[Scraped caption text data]
□ □ □ □

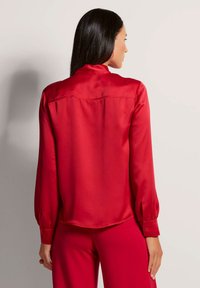Rote Satinbluse mit langen Ärmeln, hohem Kragen und Rückenschulternaht, samt glatter Textur und geknöpften Manschetten.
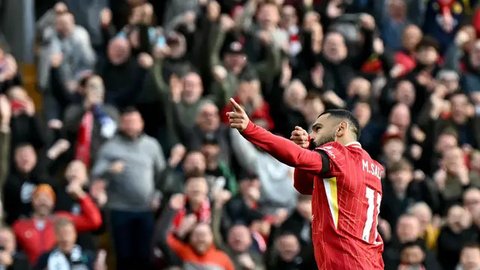 Pemain Liverpool, Mohamed Salah tampak diadang pemain MU Diogo Dalot. (Darren Staples / AFP)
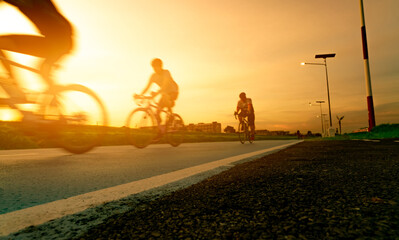 Blur photo sports man ride bicycles with speed motion on the road in the evening with sunset sky. Summer outdoor exercise for healthy and happy life. Cyclist riding mountain bike on bike lane. Team.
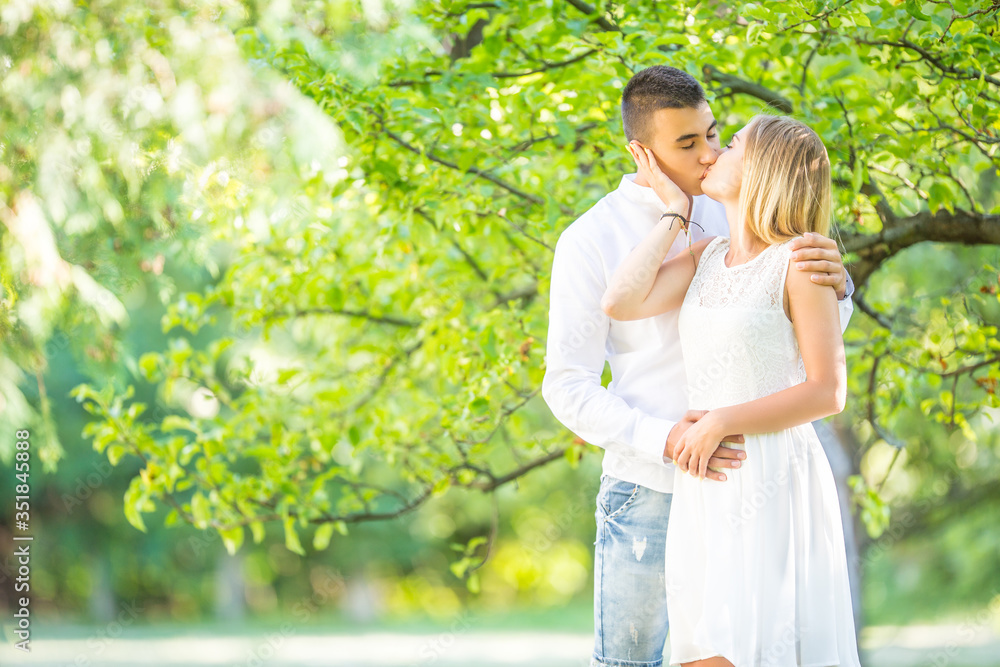 Young couple kissing under the green tree with summer nature background. Dressed in white dress, white shirt and jeans, holding hands Young couple kissing under the green tree with summer nature background. Dressed in white dress, white shirt and jeans, holding hands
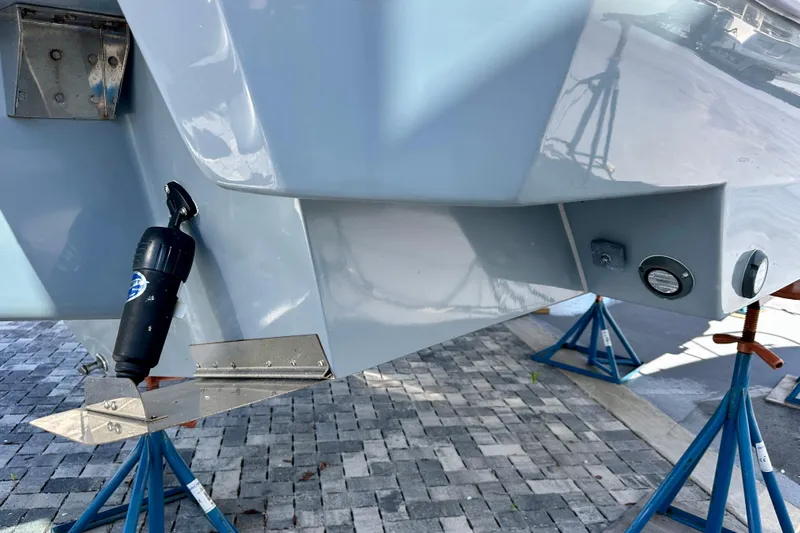  Yacht Photos Pics 2024 NX 360 Sport Coupe boat hull on stands, showcasing sleek design and components.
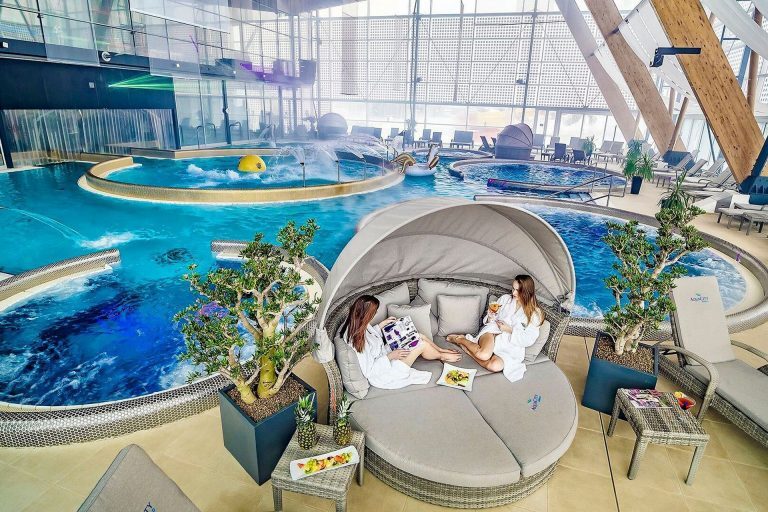 Two women in white robes relax on a covered lounge chair by the indoor pool with whirlpools and fountains in a luxury spa.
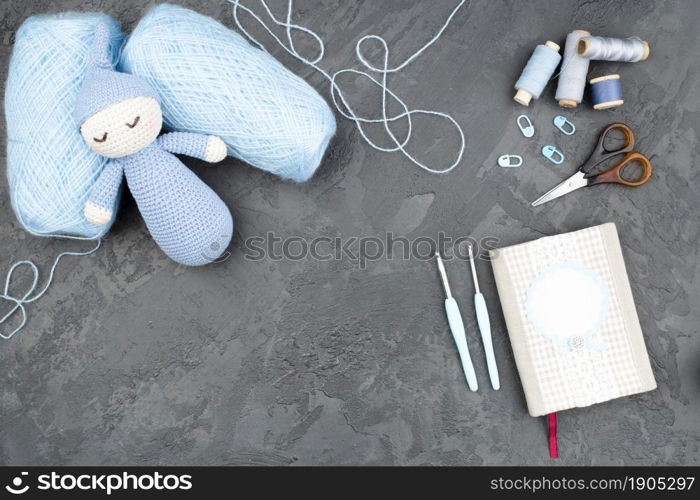 slate background with blue wool. Beautiful photo. slate background with blue wool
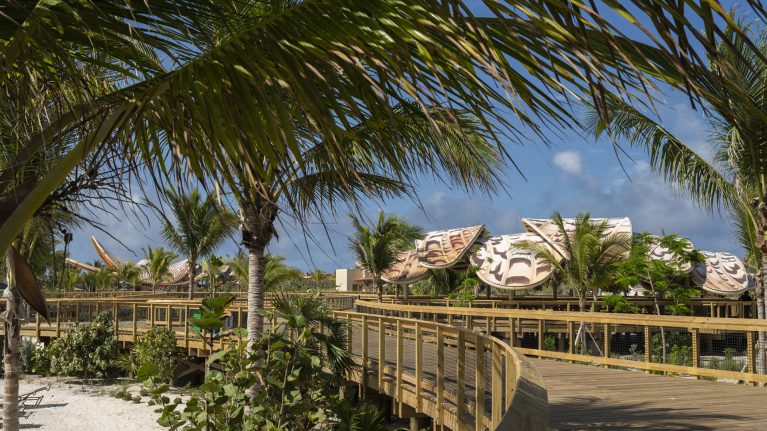 True-True Too BBQ surrounded by trees at Disney Lookout Cay at Lighthouse Point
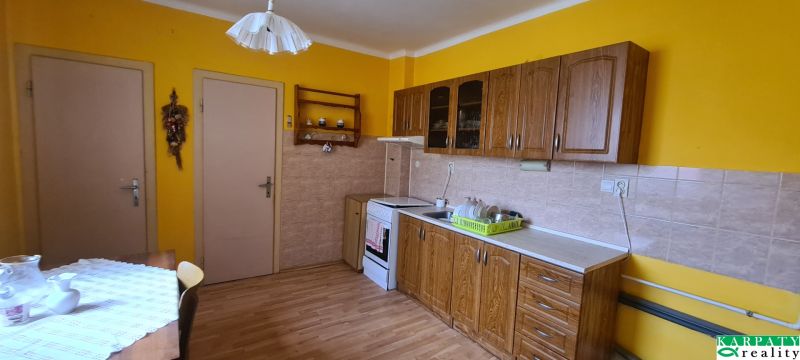 A kitchen in a family house with wooden decor, yellow walls, and a dining table.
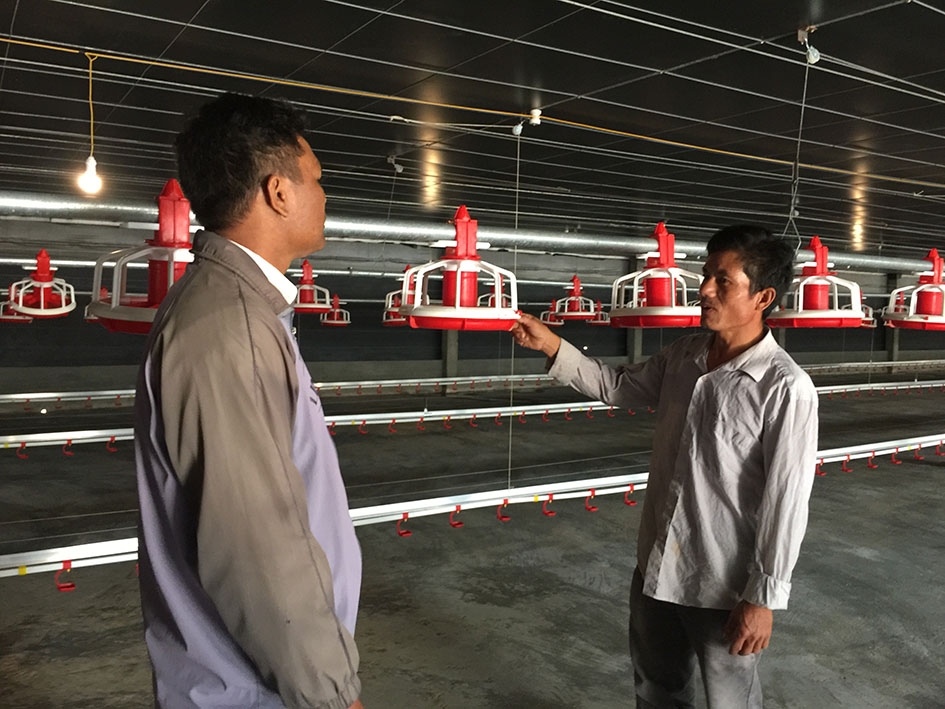 Anh Nguyễn Văn Hữu (phải) giới thiệu với cán bộ Hội Nông dân xã Cuôr Đăng về hệ thống máng ăn tự động của trang trại.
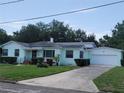 Charming single Gathering home with an attached garage and a well-maintained front yard at 1002 W La Salle St, Tampa, FL 33607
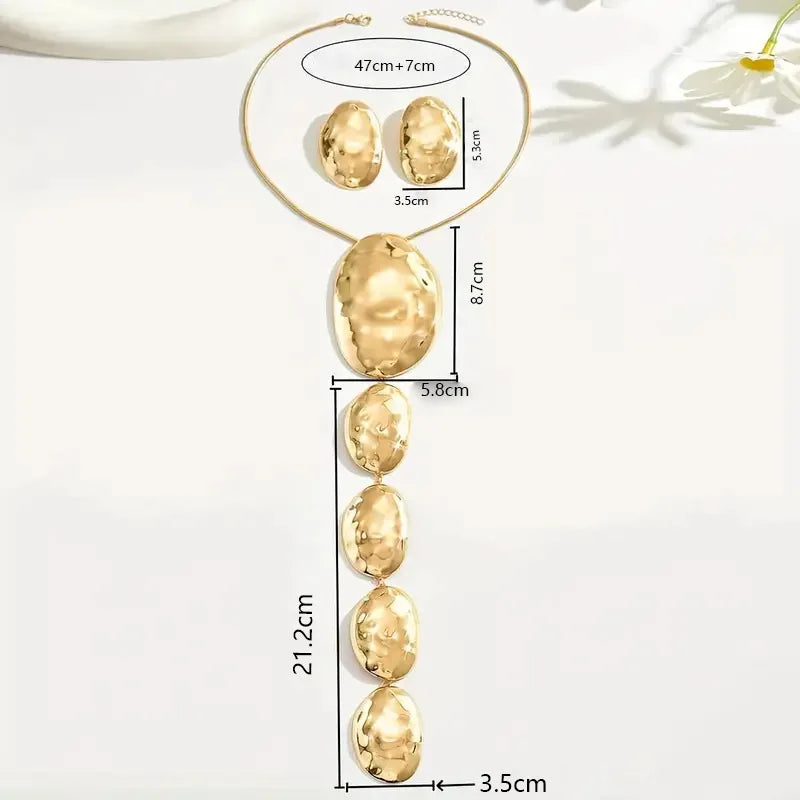 Gold necklace and earrings with measurements on a white background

□ □ □ □

**AIM OF THE TASK:**
Print, please, exactly the lines from the one holding "holding hands Young" through the final line of the data, both included, while leaving out each picture.

**OUTPUT OF THE EXERCISE:**
 Young couple kissing under the green tree with summer nature background. Dressed in white dress, white shirt and jeans, holding hands Young couple kissing under the green tree with summer nature background. Dressed in white dress, white shirt and jeans, holding hands
  Yacht Photos Pics 2024 NX 360 Sport Coupe boat hull on stands, showcasing sleek design and components.
 Two women in white robes relax on a covered lounge chair by the indoor pool with whirlpools and fountains in a luxury spa.
 slate background with blue wool. Beautiful photo. slate background with blue wool
 True-True Too BBQ surrounded by trees at Disney Lookout Cay at Lighthouse Point
 A kitchen in a family house with wooden decor, yellow walls, and a dining table.
 Anh Nguyễn Văn Hữu (phải) giới thiệu với cán bộ Hội Nông dân xã Cuôr Đăng về hệ thống máng ăn tự động của trang trại.
 Charming single Gathering home with an attached garage and a well-maintained front yard at 1002 W La Salle St, Tampa, FL 33607
 Gold necklace and earrings with measurements on a white background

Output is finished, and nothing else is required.